### TASK GOAL
Below are some records. Write out the line that contains "Sun Hydraulics BBP/S" and all lines after it, exactly, but not the pictures.
┌──
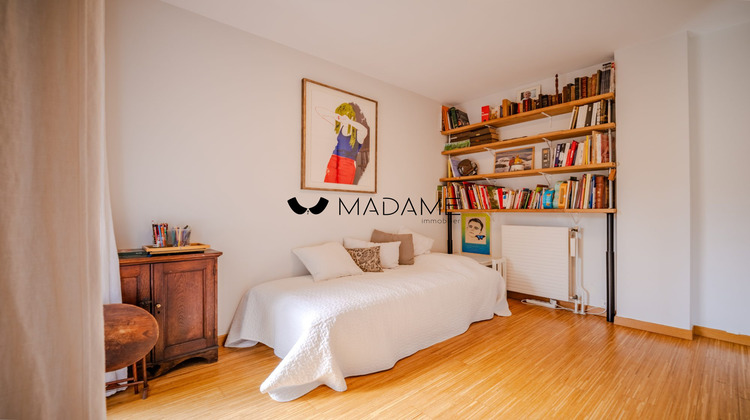 Ma-Cabane - Vente Appartement Meylan, 112 m²
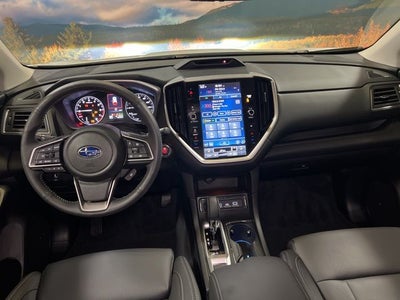 2025 Subaru Ascent Limited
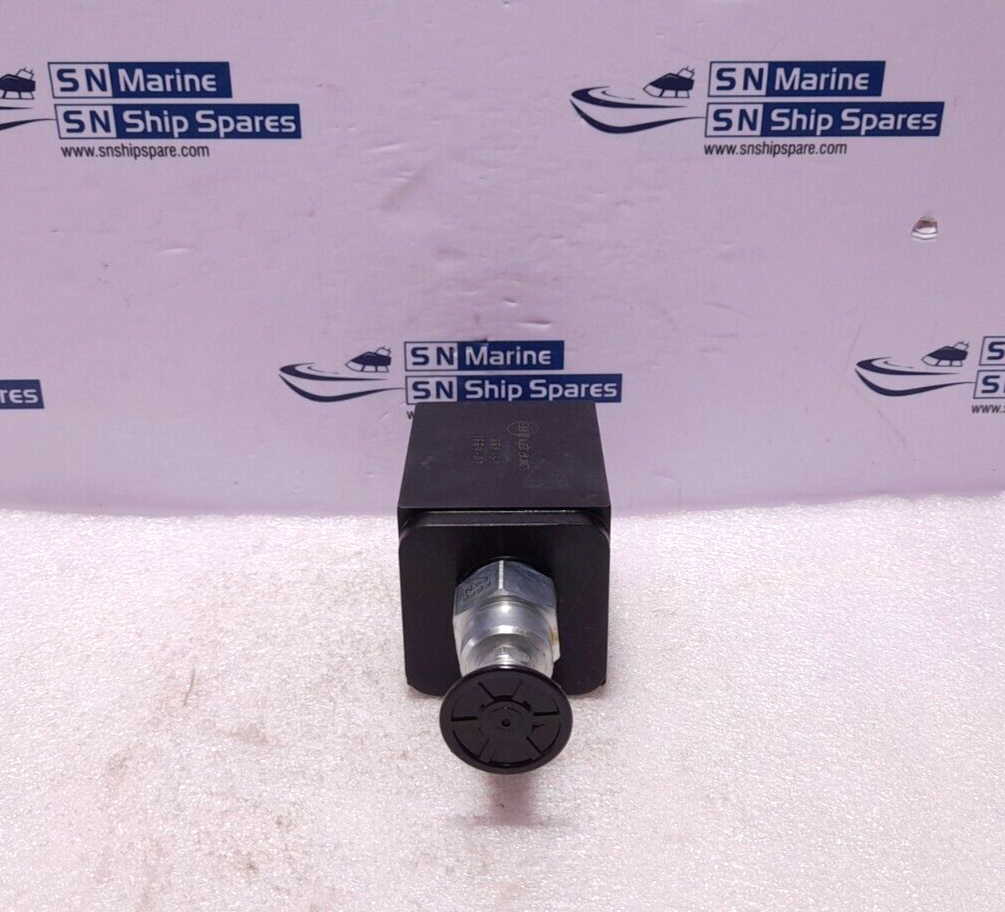 Sun Hydraulics BBP/S With PBFB-LAN NOV 7500693 Pressure Reducing Valve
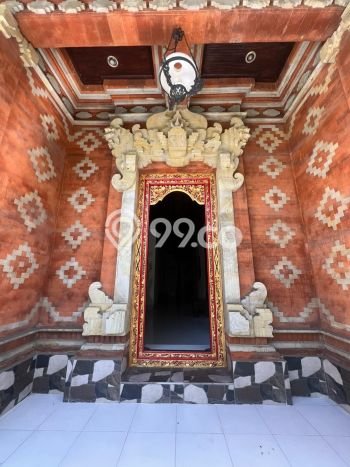 Jarang Ada! Rumah Sewa 3 Kamar Bagus Siap Huni Sanur Kauh Jarang Ada! Rumah Sewa 3 Kamar Bagus Siap Huni Sanur Kauh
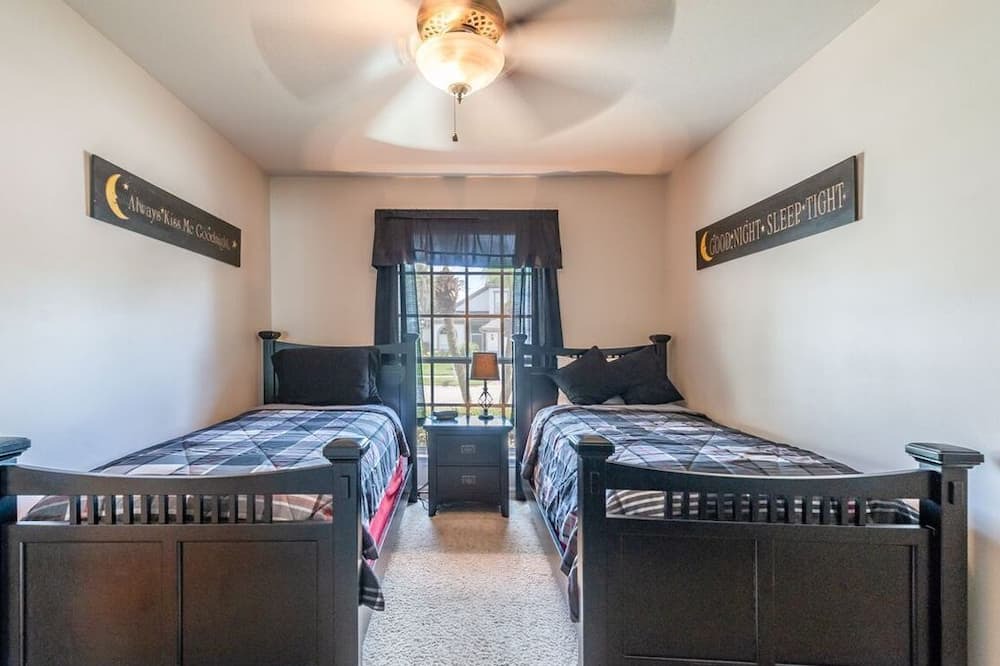 Photo of Bedroom in Ventura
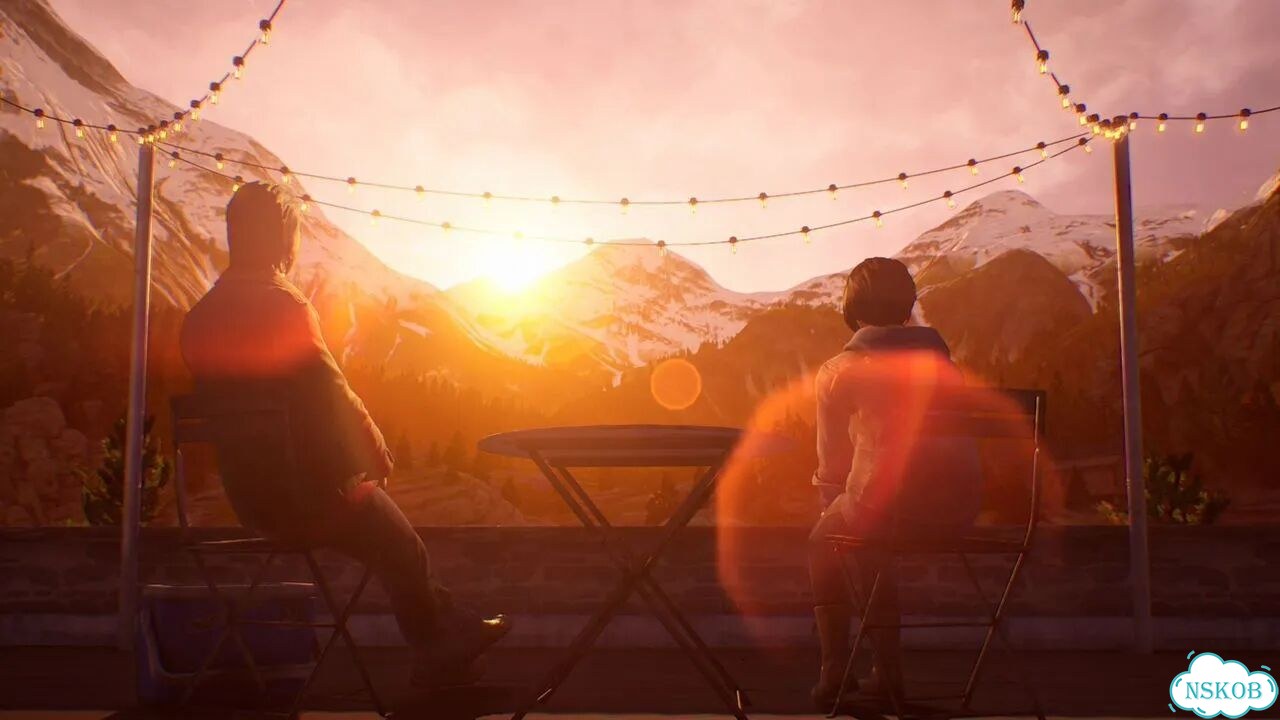 Life is Strange True Colors PS4/PS5 На Русском фото 6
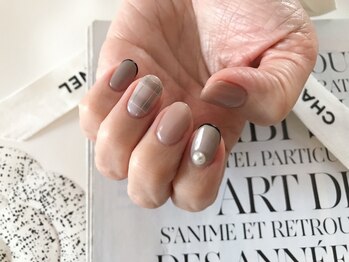 アプレラプリュイ シァル鶴見店(APRES LA PLUIE)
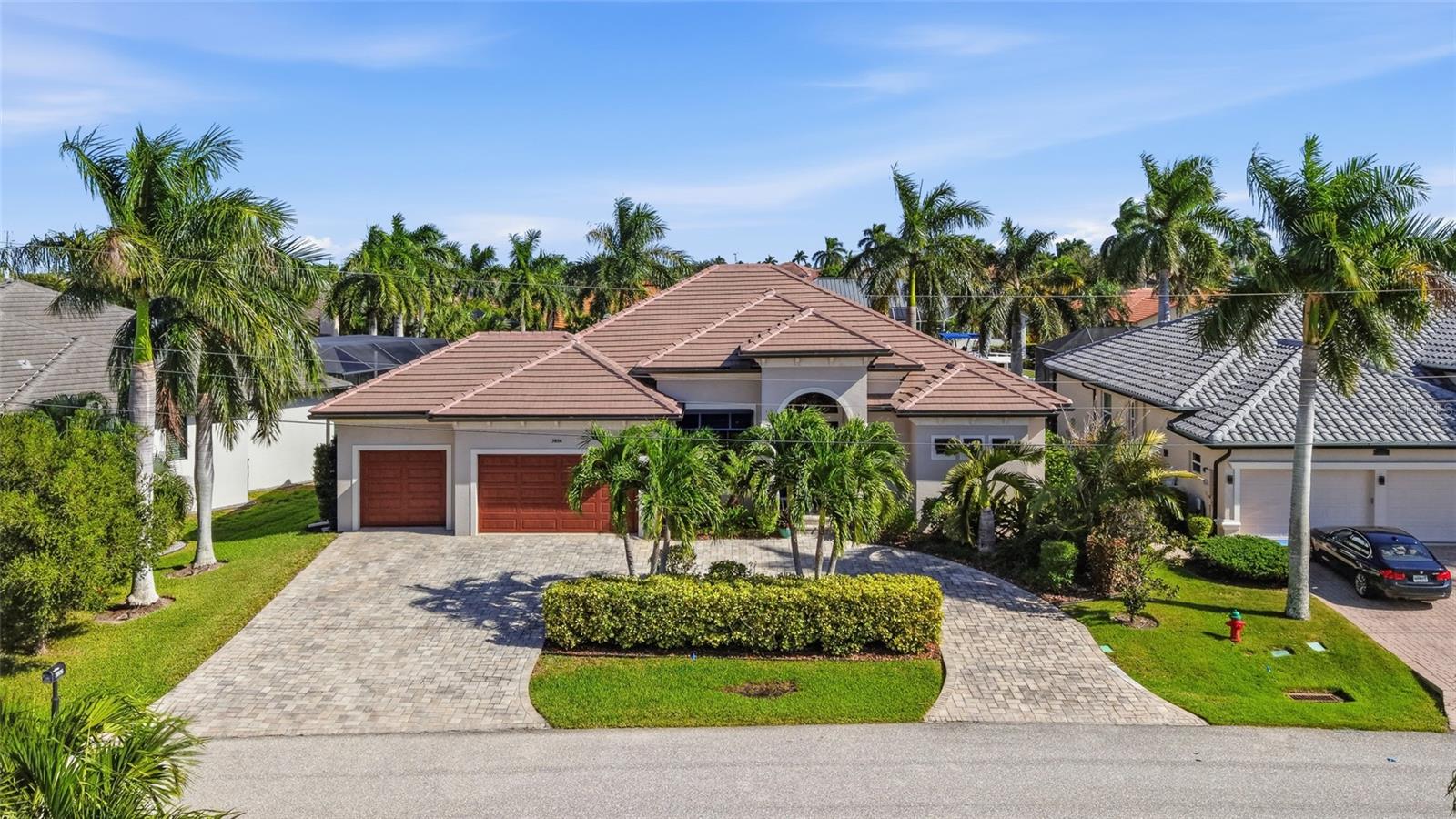 3806 CARUPANO COURT, Punta Gorda, FL 33950 3806 CARUPANO COURT, Punta Gorda, FL 33950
└──
### RESPONSE BOX
 Sun Hydraulics BBP/S With PBFB-LAN NOV 7500693 Pressure Reducing Valve
 Jarang Ada! Rumah Sewa 3 Kamar Bagus Siap Huni Sanur Kauh Jarang Ada! Rumah Sewa 3 Kamar Bagus Siap Huni Sanur Kauh
 Photo of Bedroom in Ventura
 Life is Strange True Colors PS4/PS5 На Русском фото 6
 アプレラプリュイ シァル鶴見店(APRES LA PLUIE)
 3806 CARUPANO COURT, Punta Gorda, FL 33950 3806 CARUPANO COURT, Punta Gorda, FL 33950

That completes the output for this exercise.